I’m a little confused by this submission. CASTOR is the old system that has since been replaced by the CERN Tape Array since ~2020: https://cta.web.cern.ch/cta/
This is mentioned on the page but it’s easy to miss.
Does tape array replace castor? Just from the names it sounds like tape array is the actual storage, and castor is an abstraction that automatically decides what's kept on disk and what's kept on tape
The linked page seems to think it does.
"As of June 29th 2020, CTA, the CERN Tape Archive, started to be operated as the successor of CASTOR and gradually replaced it."
The abstraction isn’t really a thing any more. It was a nice idea but in practice it’s an operational nightmare not knowing if data is available and for how long it will be. For reference staging can take days during intense activity and you don’t want to loose performance randomly seeking around and switching between tapes.
As others have said, CASTOR has been discontinued, and replaced with CTA:
This is actually super useful for real world stuff. Thanks for this.
Tape is boring but when an intern / AI / tectonic plate accidently destroys your database setup it is a huge lifesaver
Anybody know what these fancy Oracle tapes are? Is it just their implementation of a regular standard?
If it's Oracle Tape, it's proprietary T10000-series 1/2in linear tape and associated drives, that they got when they absorbed Sun (and Sun got when they bought StorageTek). Multiple vendors made tape media for these, but they were not compatible w/ LTO tape nor the IBM 3590-series enterprise tape format.
There isn’t a recording but slides at linked from that page.
"Castor" was the name of a storage system used for transporting nuclear waste in Germany. There were quite a few protests against shipping nuclear waste through the country.
Wouldn't have been my choice for a software project :-)
It’s also French for Beaver which is more likely the origin of the name.
It's also Latin and Greek for beaver which is more likely the origin of the name.
Latin and Greek aren’t one of the working languages at CERN (French and English are)
also spanish
I would say "Italian" :)
Castor oil makes you poop, maybe there’s a data management metaphor in there somewhere.
A few historical additions for anybody interest:
- CASTOR at CERN had also its disk centric derivative named DPM (Disk pool manager) that helped to power the LHC computing grid for multiple decades (WLCG) before getting deprecated.
- Interestingly DPM had an architecture quite aligned with the original Google File system even if developed completely separately: (One metadata node, multiple disk node. Design to do Write-once-read-many with very partial POSIX semantics).
- The LHC computing Grid is an association of research centers with their own infrastructure. As such, they had (historically) many diffent storage systems with diffent protocols and interface.

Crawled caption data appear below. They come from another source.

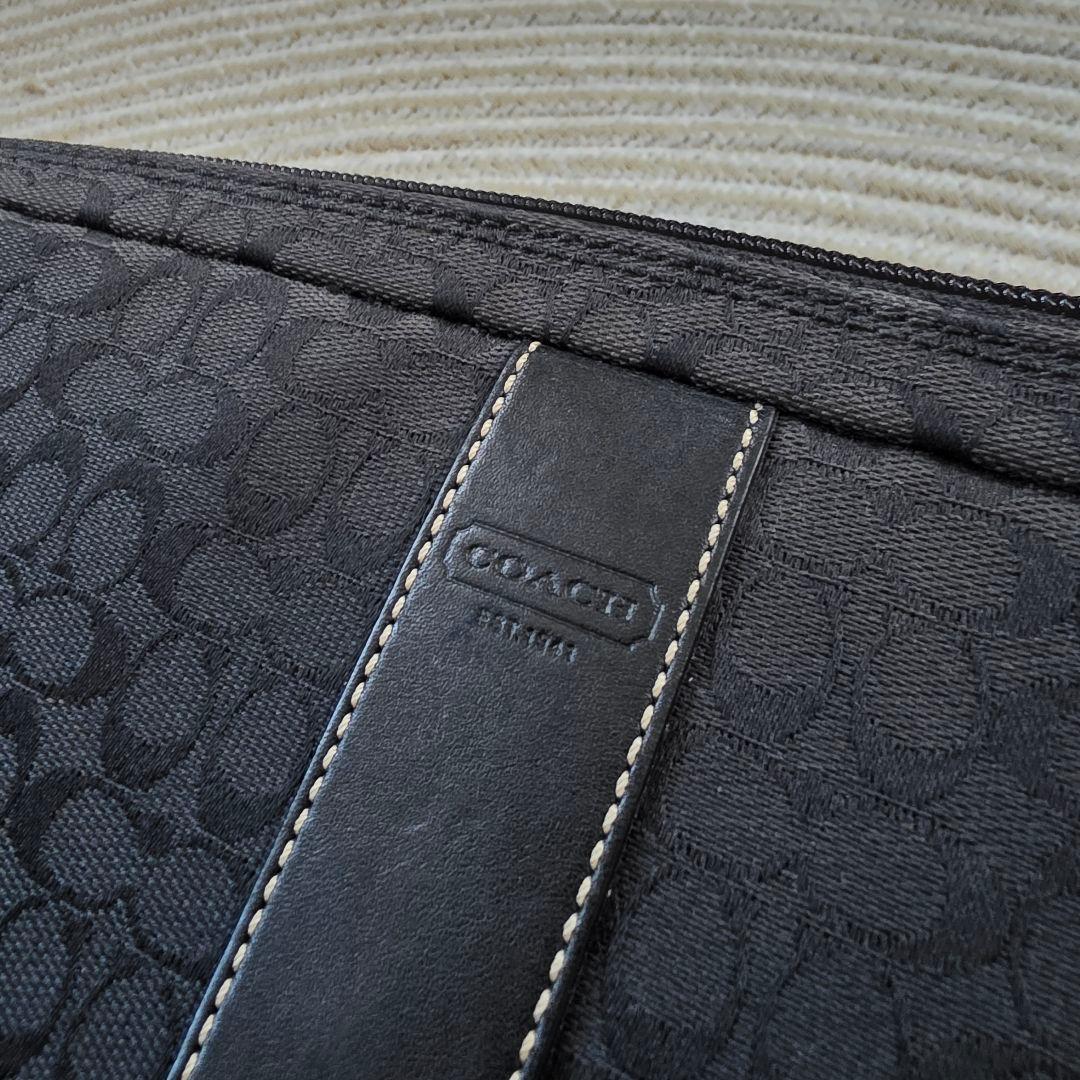 希少モデル】COACH 黒 ナイロン ノートPCケース ノートPC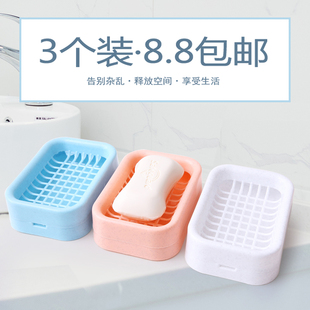 肥皂盒香皂盒沥水双层洗衣皂盒大号创意手工皂架子浴室 肥皂架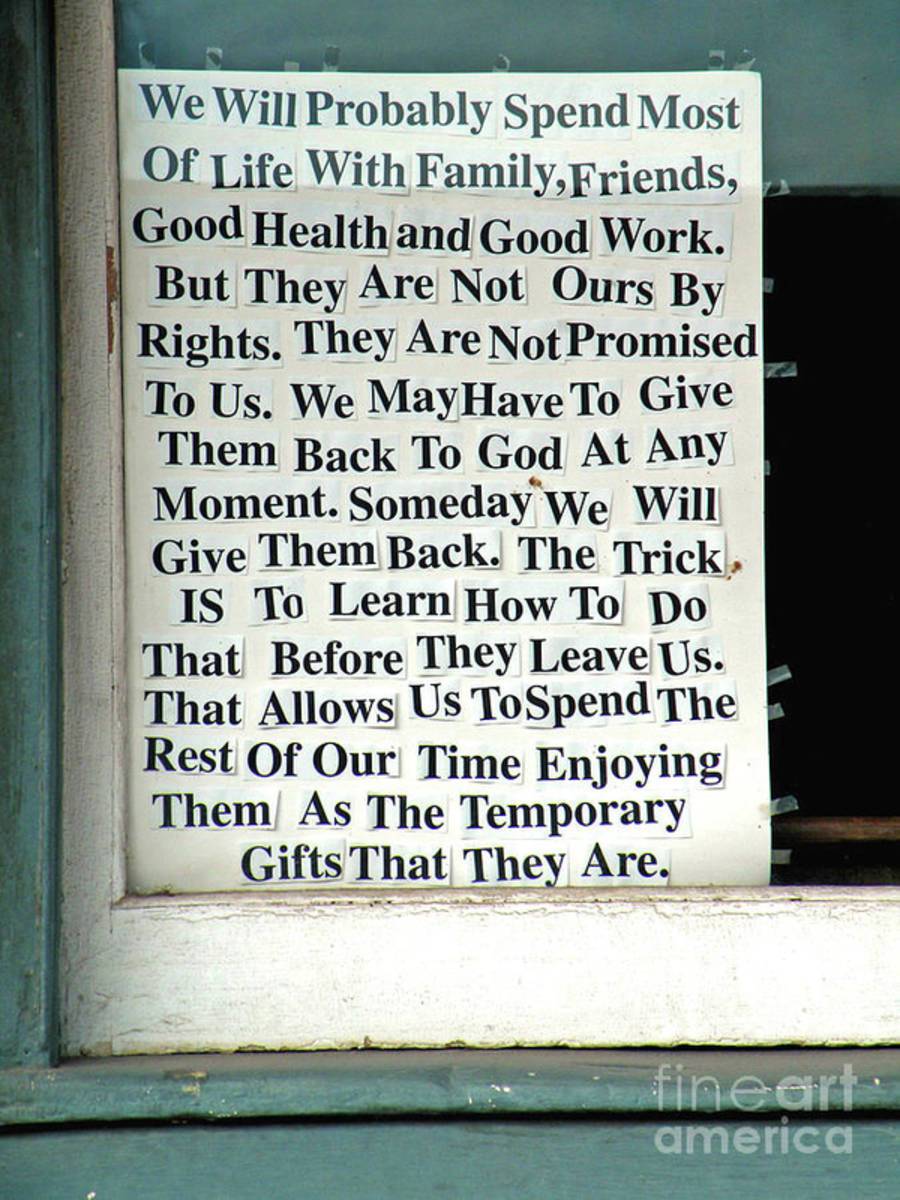 Temporary Gifts - Poster | Canvas Wall Art Print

- To unify this madness, an attempt to do a "standard" protocol was made in the 2000s: the SRM protocol (storage resources manager).
In a pure XKCD fashion, it went as bad as you can imagine.
It tried to rely on the tech of the time (XML, SOAP, WSDL) and is a school case of terrible protocol design (bloated, slow, weak consistency, massive server overhead, stupidly complex to implement and quite insecure). The spec are worth a read if you want a good laugh [1].
- After 20y of struggle, SRM was eventually dropped for a more pragmatic and ad hoc solution based on HTTP + xrootd [2]. EOS itself uses xrootd quite extensively. (if this did not change)
- The history of computing at CERN is globally interesting because it is a pretty good image of the evolution of computing and of the "tech fashions" associated with it.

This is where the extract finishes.